-- Recorded data follows --
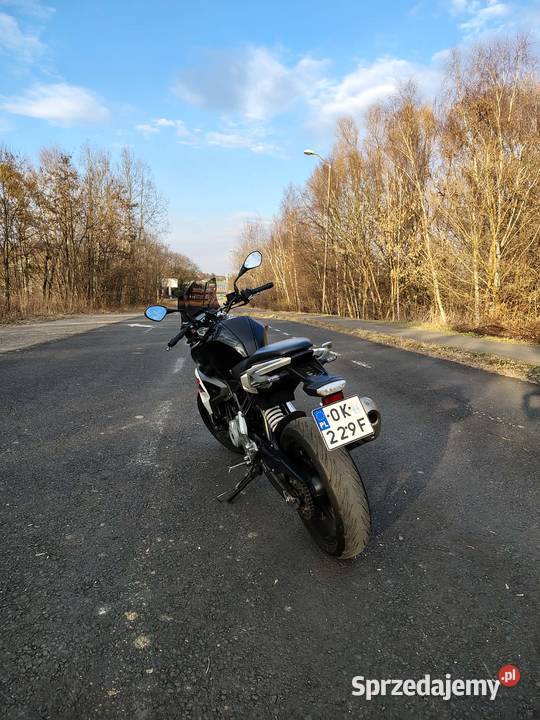 BMW G 310 R Moto na A2 BMW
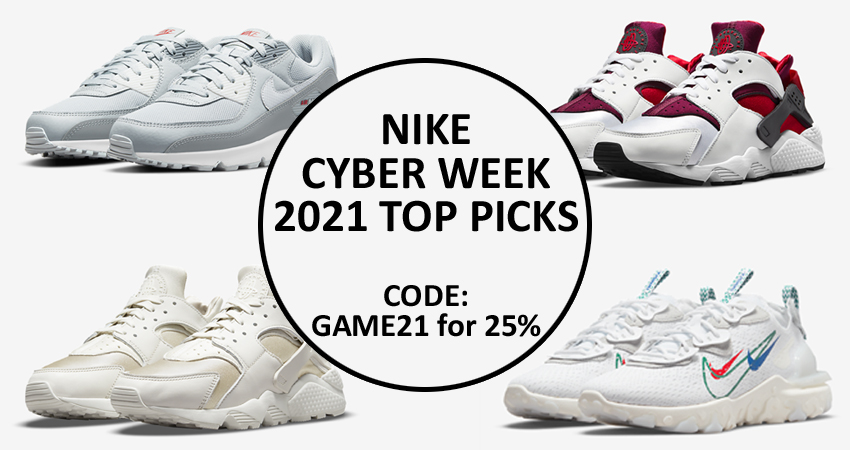 NIKE Cyber Week 2021 Top Picks featured image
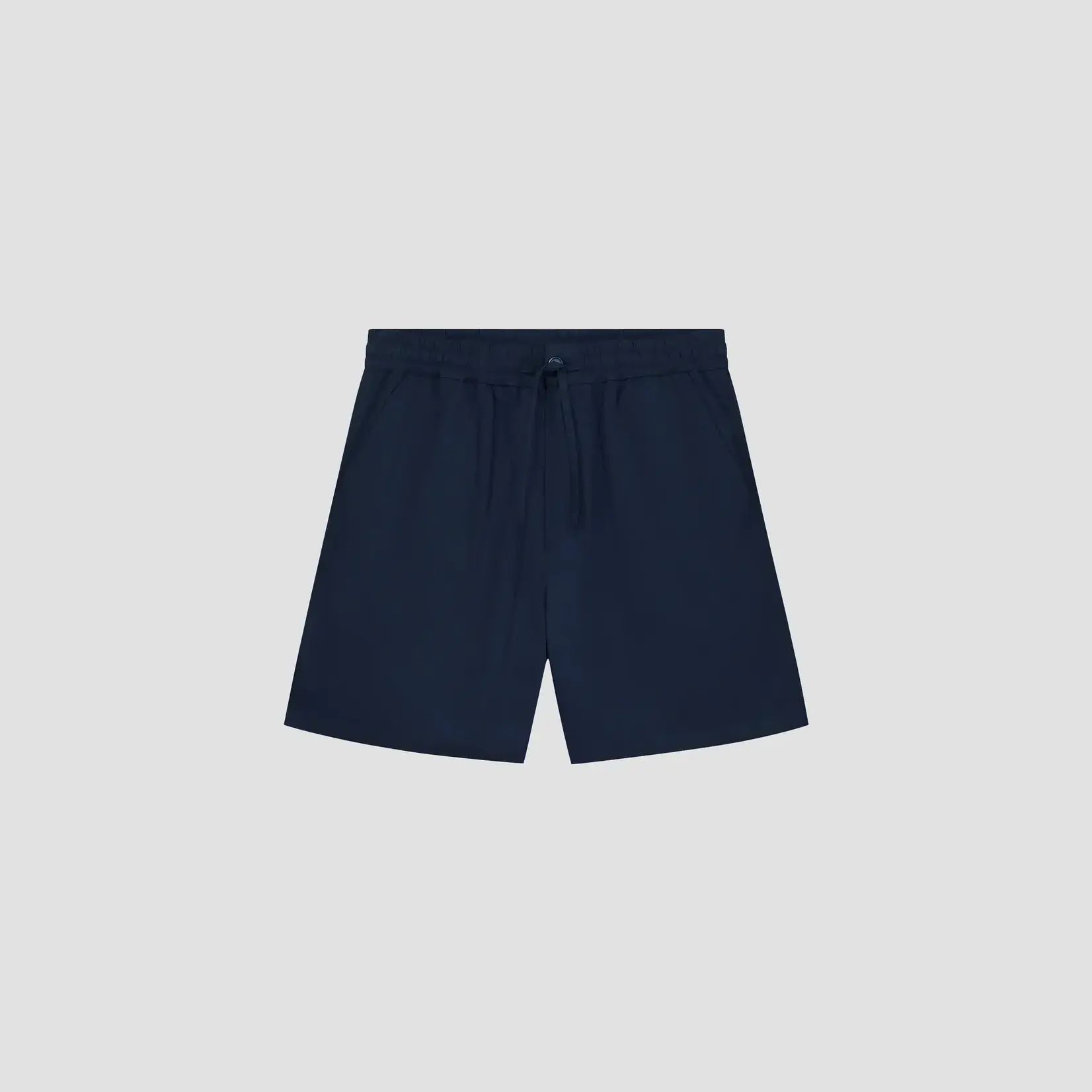 Olaf Hussein Olaf Seersucker Shorts Navy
-- Recorded data concluded --
== What is required ==
Give the listing again exactly, minus its images.

== Your solution ==
 BMW G 310 R Moto na A2 BMW
 NIKE Cyber Week 2021 Top Picks featured image
 Olaf Hussein Olaf Seersucker Shorts Navy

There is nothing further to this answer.